#### [RECORDS SHOWN]
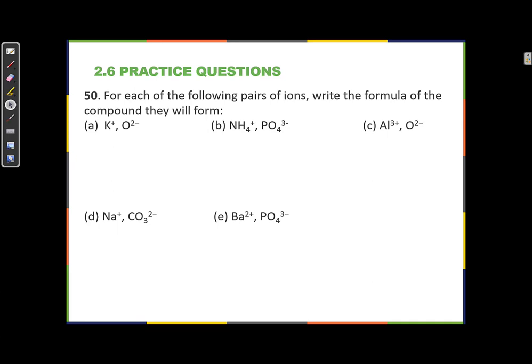For each of the following pairs of ions, write the formula of the compound they will form. When writing a formula of an ionic compound, the cation always comes first — the most metallic or most positive species comes first. The cation is written first, then the anion. To finish the formula, we fill in the subscripts.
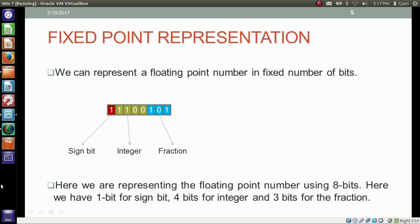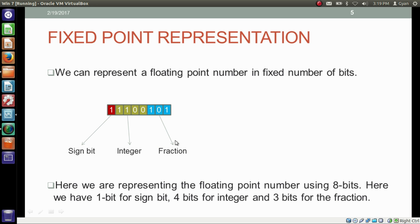Now the question is how to store a fractional binary number in memory. We can represent a floating point number using a fixed number of bits — here we are using 8 bits. We have 1 bit for the sign bit, which determines whether the number is positive or negative. Then we have 4 bits for the integer, representing the binary before the fractional point. After that, we have 3 bits reserved for the fraction part, representing the binary after the fractional point.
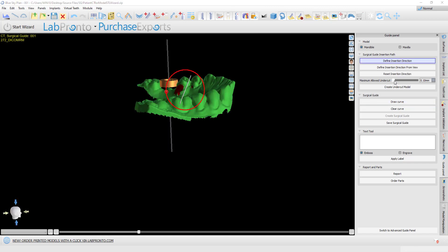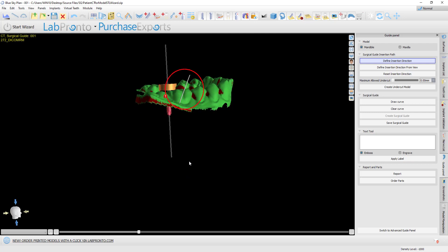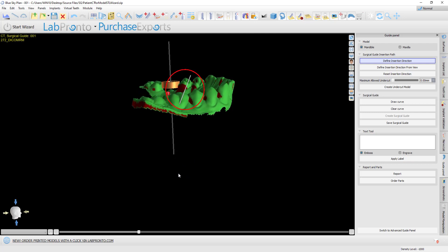We also have the 'maximum allowed undercuts' slider, meaning that if you want to leave a bit of undercuts for more of a snap-on effect, you can adjust it. If you set it to 0, all undercuts will be removed.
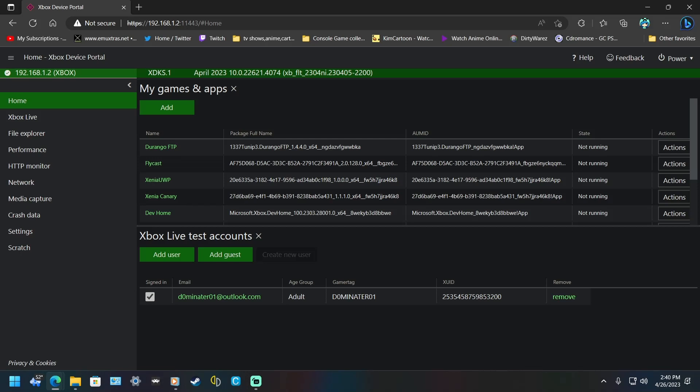Hey guys, in this video I'm going to show you how you can extract BIOS files, for example, with just the device portal here.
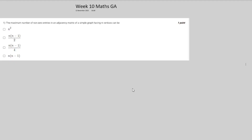Welcome to the Week 10 maths graded assignment solution video. Most of the content for this week is from DSA — Data Structures and Algorithms — but IITM is teaching it in the math section. Let us start with the first question: the maximum number of non-zero entries in an adjacency matrix of a simple graph having n vertices.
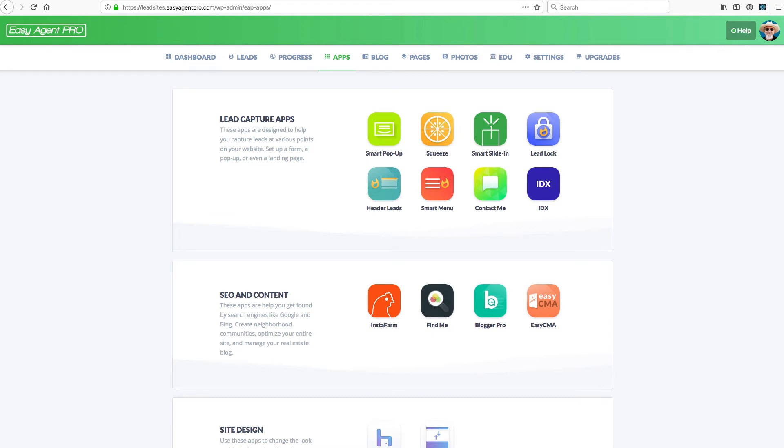Hey, Easy Agent Proers. Welcome to the apps page of your lead site.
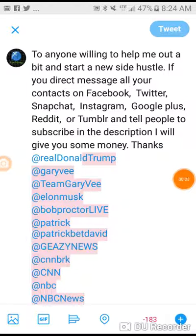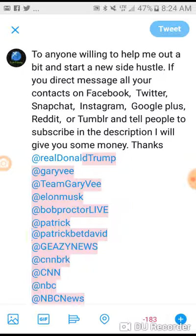Hey, what's up everybody, this is Kyle from Infinite Hustle back with another YouTube tutorial video. This one is how to get 128 subscribers on YouTube.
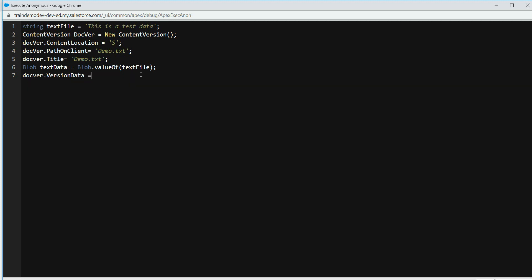IntelliSense works when you create an Apex class, but it doesn't always work on the anonymous window — that's why I sometimes don't like writing code there, but this is a very small task. We're going to wrap it in a try-catch block, which is always good practice. Then we do insert docWhere.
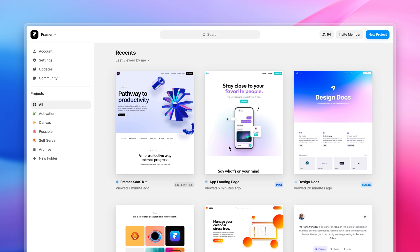Hi everyone, this is Edo from Framer and today I want to show you some changes we made to the dashboard with the introduction of workspaces.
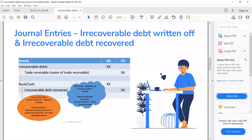Journal entry for irrecoverable debt written off: debit irrecoverable debt, credit trade receivable — if you have the customer's name, put it there. In future, if the customer comes back and pays, we debit bank or cash and credit irrecoverable debt recovered.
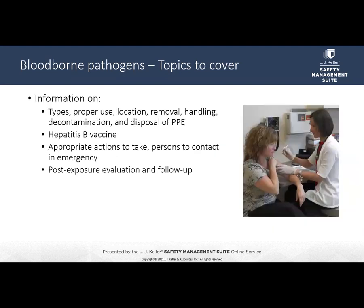Training must also cover the types, proper use, location, removal, handling, decontamination, and disposal of PPE; and the hepatitis B vaccine — including information on its effectiveness, safety, method of administration, benefits of being vaccinated, and that it will be offered free of charge. Training must also include information about appropriate actions in an emergency involving blood or other potentially infectious materials, and the post-exposure evaluation and follow-up that the employer is required to provide for the employee following an exposure incident.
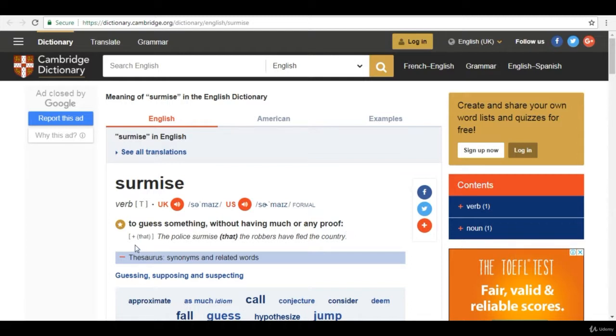And the usage in a sentence is the police surmise that the robbers have fled the country.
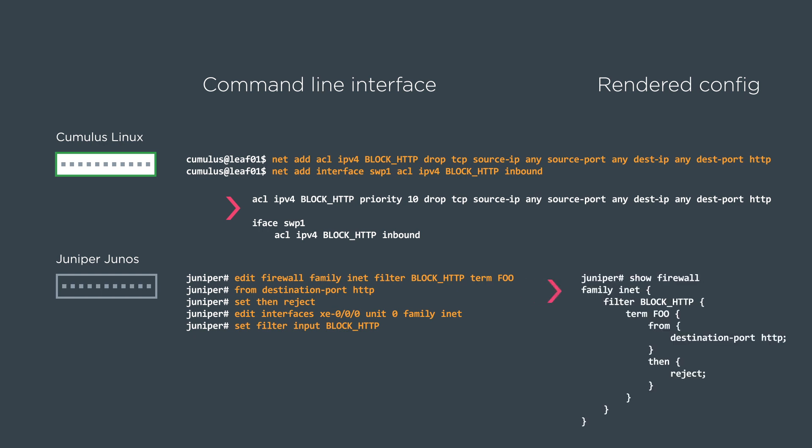The rendered config is going to look like this. So you can see the term foo. There's a from. In this case, it's actually the destination port. It's saying any traffic from this guy where his destination port is HTTP, then we're going to reject it. And of course, we also set it to the interface, just like the Cisco and Cumulus box.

#### [PROBLEM TO WORK ON]
Restate, exactly as they appear, the line with "And the usage" and all the lines after it up to the end of the data above; images do not belong in the copy.

#### [SOLUTION TO THIS TASK]
And the usage in a sentence is the police surmise that the robbers have fled the country.
The rendered config is going to look like this. So you can see the term foo. There's a from. In this case, it's actually the destination port. It's saying any traffic from this guy where his destination port is HTTP, then we're going to reject it. And of course, we also set it to the interface, just like the Cisco and Cumulus box.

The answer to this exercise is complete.